I will try disconnecting the Sata drive pool to see how the NVMe OS drive reacts. If it still cannot complete a boot I will create a USB boot drive.
I may also be able to borrow an M.2 drive enclosure to test and re-build the NVMe.

cy@ · Jan 16, 2024

OrphanAudio said:
Again memory faults are likely not the case as I have a second machine with the same MB and DIMM (different OS and purpose) that I have test swapped parts with to confirm hardware was not the issue.

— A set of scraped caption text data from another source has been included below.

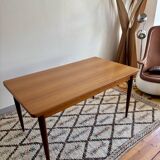Rectangular teak Scandinavian dining table, extendable, vintage 1960s.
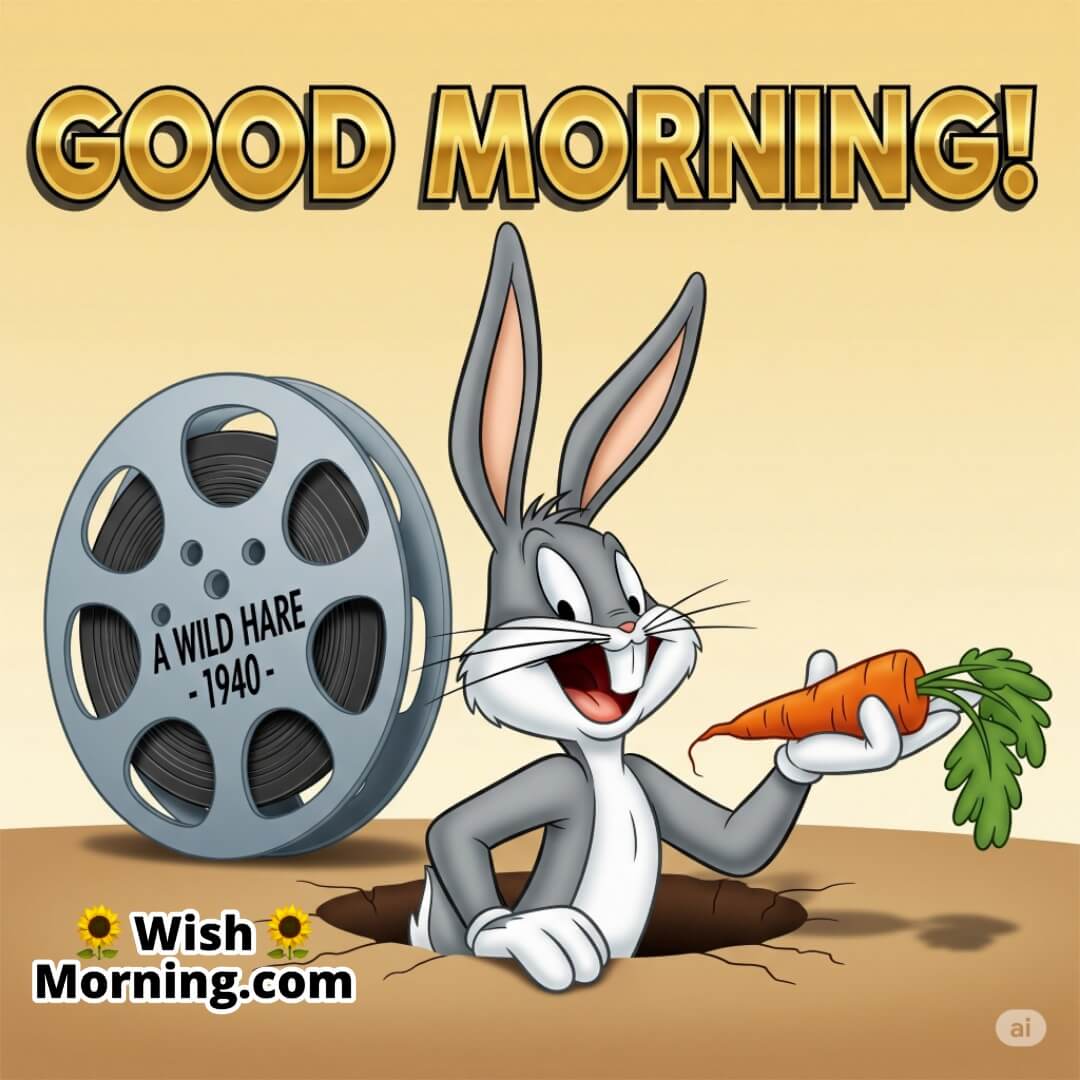 Bugs Bunny celebrating his 1940 film debut in a bright cartoon scene with “Good Morning” text.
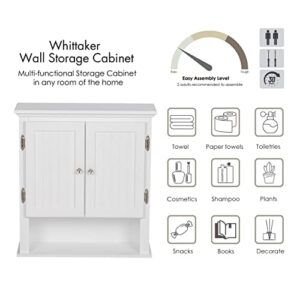 UTEX Bathroom Cabinet Wall Mounted, Wood Hanging Cabinet, Wall Cabinets with Doors and Shelves Over The Toilet for Bathroom,White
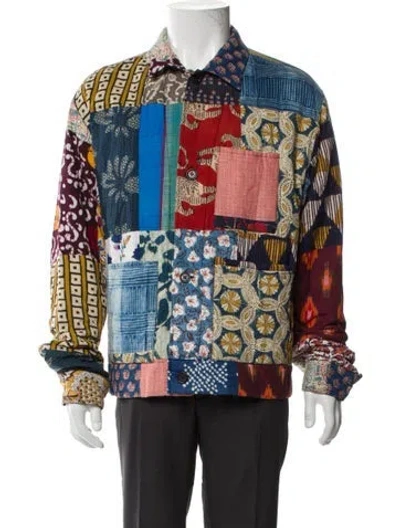 Pre-owned Kardo Printed Trucker Jacket In Blue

Read my words again. I didn't say your problem was a memory problem. I did say that hardware problems can cause memory corruption. You can have memory corruption due to DIMM errors, bad caps, a wonky NIC card that overwrites RAM through DMA, etc. You have a hardware problem and all bets are off.

OrphanAudio · Jan 16, 2024

Read my words again. I didn't say your problem was a memory problem. I did say that hardware problems can cause memory corruption. You can have memory corruption due to DIMM errors, bad caps, a wonky NIC card that overwrites RAM through DMA, etc. You have a hardware problem and all bets are off.

Yes, I missed the intention of your post. I will keep an eye out for data damage that could have been caused by transient hardware glitches.

I was finally able to burn an amd64-bootonly.iso image to a USB stick (using Etcher software) and managed to get my machine to boot from it in Live-CD mode.

The current road-blocks are:
-I cannot find any mention of the default username and password in the online docs so I can actually enter the user interface, query logs and determine zpool status for a full recovery.
-I was only able to boot from the USB disc after completely disabling the NVMe boot drive. Placing the NVMe drive later in the boot order did not work.
I am not sure why this is happening (MB hardware setting or perhaps the USB drive simply took too long to convince the Bios to boot from it...??), but I have to resolve this as well or I will not be able access any logs to determine the reason for the original crash.

(edit) more data:
I was able to get a rescue boot with the NVMe present and shell to a # prompt, but no idea how to mount/access the NVMe or raid volumes (again my noob status raises it head, but I suppose if I bang my skull against this enough I will figure it out).
I reviewed the FAQ for ideas and attempted to use mount -urw / followed by mount -a/,... but no joy. I expect there are some large holes to fill in my knowledge base so any suggestions are welcome for mounting and inspecting condition of the drives.

As always, thank you in advance for your kind assistance.

Tieks · Jan 17, 2024

OrphanAudio said:
I was able to get a rescue boot with the NVMe present and shell to a # prompt, but no idea how to mount/access the NVMe or raid volumes

Replacing your MB may have changed drive designations/numbering. That may invalidate the contents of /etc/fstab, which causes mount -a to fail. If mount -urw does work it will allow you to edit and save /etc/fstab using /usr/bin/ee. Try to comment out all references to NVMe by placing a # sign in front of the lines. Save and reboot. Then scroll through the output of dmesg to find your NVMe drives, see if they have matching entries under /dev and correct file /etc/fstab accordingly. See man fstab() and man mount() for info.

bigbrother · Jan 18, 2024

when you boot, issue a
dmesg | more
and read the info, there you can see what discs are identified, like
ada0: Serial Number S7EWNJ0W478457N
ada0: 150.000MB/s transfers (SATA 1.x, UDMA5, PIO 512bytes)
ada0: 476940MB (976773168 512 byte sectors)

after locating the disk (in my example ada0), see the /dev/ for the partitions discovered, like
ls -la /dev/ada0*
is you see the 's1' like /dev/ada0s1 and other then perhaps you are using disklabels on FFS, so just issue a similar command with the following
disklabel /dev/ada0s1
and then you can continuing with fsck and mount.